START SOURCE MATERIAL

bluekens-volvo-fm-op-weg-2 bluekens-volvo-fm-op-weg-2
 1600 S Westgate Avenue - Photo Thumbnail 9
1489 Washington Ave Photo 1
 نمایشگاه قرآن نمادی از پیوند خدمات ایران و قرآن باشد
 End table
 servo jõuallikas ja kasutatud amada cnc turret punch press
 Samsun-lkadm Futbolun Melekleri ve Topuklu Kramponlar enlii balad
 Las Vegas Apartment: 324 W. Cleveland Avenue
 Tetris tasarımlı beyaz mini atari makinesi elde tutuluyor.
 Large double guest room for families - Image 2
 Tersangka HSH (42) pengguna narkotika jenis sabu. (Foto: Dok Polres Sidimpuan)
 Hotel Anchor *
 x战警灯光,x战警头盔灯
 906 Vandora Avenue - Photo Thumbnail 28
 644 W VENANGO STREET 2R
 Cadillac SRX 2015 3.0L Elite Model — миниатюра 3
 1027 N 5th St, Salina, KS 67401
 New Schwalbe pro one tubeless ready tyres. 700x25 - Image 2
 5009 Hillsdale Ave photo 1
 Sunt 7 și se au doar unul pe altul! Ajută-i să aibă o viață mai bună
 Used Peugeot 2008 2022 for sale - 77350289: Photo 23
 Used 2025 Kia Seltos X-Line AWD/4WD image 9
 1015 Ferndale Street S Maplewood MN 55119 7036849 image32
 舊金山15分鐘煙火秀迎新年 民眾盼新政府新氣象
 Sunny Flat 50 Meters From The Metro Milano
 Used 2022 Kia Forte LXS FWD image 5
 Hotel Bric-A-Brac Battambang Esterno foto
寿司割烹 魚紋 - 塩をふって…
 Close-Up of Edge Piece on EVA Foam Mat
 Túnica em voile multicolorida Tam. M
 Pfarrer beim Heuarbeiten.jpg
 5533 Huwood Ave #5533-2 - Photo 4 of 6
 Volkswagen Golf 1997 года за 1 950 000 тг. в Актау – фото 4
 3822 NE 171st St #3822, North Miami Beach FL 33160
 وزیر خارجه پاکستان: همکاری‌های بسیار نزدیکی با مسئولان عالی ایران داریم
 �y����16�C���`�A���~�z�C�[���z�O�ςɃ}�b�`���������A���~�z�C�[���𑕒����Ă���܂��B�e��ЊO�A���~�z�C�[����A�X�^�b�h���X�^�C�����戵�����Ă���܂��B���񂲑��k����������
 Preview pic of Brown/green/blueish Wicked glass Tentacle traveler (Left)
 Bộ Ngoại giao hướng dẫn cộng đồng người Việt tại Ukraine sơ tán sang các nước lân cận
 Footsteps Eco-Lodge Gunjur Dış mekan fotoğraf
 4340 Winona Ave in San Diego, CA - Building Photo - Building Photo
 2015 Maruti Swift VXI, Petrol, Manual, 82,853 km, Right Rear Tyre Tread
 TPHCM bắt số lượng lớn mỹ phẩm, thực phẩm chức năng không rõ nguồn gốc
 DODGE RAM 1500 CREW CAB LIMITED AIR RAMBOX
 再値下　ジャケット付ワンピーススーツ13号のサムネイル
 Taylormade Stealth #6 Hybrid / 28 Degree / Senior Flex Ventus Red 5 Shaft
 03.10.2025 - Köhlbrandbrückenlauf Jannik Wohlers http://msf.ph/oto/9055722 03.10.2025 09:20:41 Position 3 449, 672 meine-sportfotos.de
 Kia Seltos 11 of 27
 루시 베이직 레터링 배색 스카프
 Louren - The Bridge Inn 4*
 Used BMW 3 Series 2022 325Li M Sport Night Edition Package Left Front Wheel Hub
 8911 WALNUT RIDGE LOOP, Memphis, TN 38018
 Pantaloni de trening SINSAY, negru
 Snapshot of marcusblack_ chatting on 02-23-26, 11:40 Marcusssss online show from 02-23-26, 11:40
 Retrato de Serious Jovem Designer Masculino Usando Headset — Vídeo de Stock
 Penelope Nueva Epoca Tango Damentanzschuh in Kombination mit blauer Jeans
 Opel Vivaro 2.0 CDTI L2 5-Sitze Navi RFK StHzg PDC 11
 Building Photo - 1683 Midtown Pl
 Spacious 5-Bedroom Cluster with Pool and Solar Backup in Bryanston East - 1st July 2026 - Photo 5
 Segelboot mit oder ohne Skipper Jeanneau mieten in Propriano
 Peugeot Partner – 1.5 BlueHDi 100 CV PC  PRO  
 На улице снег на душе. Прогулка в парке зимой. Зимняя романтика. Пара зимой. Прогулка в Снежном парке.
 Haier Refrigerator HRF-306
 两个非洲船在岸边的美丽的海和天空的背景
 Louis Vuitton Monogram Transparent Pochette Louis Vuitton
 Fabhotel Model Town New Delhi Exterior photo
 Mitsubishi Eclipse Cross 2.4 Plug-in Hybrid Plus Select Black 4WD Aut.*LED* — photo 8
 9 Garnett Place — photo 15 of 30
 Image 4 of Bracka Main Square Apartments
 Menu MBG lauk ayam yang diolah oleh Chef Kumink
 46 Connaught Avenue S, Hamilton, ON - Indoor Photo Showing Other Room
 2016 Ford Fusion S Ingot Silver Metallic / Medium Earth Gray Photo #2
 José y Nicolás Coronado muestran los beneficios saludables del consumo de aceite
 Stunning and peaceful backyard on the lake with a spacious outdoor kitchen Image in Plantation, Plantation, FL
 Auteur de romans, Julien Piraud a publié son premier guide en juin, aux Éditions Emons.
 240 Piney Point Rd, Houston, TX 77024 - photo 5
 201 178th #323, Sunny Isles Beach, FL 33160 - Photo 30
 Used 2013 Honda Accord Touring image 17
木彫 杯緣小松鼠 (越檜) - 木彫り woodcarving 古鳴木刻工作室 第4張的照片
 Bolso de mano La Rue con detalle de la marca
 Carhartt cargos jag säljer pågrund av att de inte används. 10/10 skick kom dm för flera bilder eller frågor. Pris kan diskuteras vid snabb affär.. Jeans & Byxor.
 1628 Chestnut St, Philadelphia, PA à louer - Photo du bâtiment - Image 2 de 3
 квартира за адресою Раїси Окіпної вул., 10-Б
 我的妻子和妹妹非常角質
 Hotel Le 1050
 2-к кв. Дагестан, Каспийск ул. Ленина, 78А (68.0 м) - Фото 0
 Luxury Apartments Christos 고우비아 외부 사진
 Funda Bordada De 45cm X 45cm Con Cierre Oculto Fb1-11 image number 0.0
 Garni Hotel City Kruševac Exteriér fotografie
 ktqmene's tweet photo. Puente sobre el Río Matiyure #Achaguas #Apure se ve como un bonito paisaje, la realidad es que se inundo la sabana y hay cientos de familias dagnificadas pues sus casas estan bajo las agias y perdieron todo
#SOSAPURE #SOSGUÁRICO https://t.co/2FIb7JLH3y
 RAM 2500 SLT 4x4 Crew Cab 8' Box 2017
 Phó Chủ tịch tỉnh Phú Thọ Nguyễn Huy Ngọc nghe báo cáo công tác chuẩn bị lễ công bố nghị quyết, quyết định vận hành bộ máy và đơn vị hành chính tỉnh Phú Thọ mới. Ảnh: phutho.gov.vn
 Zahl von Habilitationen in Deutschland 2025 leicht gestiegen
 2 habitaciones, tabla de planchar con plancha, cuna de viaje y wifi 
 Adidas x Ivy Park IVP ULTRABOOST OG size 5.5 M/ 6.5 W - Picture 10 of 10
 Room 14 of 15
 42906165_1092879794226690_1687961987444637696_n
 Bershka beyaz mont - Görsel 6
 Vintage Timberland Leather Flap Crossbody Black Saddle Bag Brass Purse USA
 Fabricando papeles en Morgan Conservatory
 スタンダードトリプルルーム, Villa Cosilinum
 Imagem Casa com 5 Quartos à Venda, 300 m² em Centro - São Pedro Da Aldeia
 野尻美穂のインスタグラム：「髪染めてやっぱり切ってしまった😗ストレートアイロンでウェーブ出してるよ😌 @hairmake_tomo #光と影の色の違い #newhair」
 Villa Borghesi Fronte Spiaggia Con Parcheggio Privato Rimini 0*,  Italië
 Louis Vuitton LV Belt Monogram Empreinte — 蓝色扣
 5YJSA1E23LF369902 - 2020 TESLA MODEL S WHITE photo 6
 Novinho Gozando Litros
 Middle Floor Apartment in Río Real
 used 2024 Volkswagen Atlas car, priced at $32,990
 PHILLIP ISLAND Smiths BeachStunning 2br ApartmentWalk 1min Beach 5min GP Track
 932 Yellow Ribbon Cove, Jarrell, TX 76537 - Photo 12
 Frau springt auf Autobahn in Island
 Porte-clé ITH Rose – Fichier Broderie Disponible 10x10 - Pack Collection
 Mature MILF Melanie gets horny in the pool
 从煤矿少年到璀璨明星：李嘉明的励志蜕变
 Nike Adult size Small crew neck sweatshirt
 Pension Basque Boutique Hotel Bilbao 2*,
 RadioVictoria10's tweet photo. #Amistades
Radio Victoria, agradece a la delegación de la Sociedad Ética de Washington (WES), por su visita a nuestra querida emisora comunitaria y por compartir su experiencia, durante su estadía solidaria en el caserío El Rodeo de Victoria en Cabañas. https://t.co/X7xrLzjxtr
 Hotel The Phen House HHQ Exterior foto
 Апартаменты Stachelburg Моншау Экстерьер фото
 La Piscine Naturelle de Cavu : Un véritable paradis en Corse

END SOURCE MATERIAL

Up to and including the line with "906 Vandora Avenue - Photo Thumbnail 28", output every line of the records above exactly, starting from the first; output nothing else.

bluekens-volvo-fm-op-weg-2 bluekens-volvo-fm-op-weg-2
 1600 S Westgate Avenue - Photo Thumbnail 9
1489 Washington Ave Photo 1
 نمایشگاه قرآن نمادی از پیوند خدمات ایران و قرآن باشد
 End table
 servo jõuallikas ja kasutatud amada cnc turret punch press
 Samsun-lkadm Futbolun Melekleri ve Topuklu Kramponlar enlii balad
 Las Vegas Apartment: 324 W. Cleveland Avenue
 Tetris tasarımlı beyaz mini atari makinesi elde tutuluyor.
 Large double guest room for families - Image 2
 Tersangka HSH (42) pengguna narkotika jenis sabu. (Foto: Dok Polres Sidimpuan)
 Hotel Anchor *
 x战警灯光,x战警头盔灯
 906 Vandora Avenue - Photo Thumbnail 28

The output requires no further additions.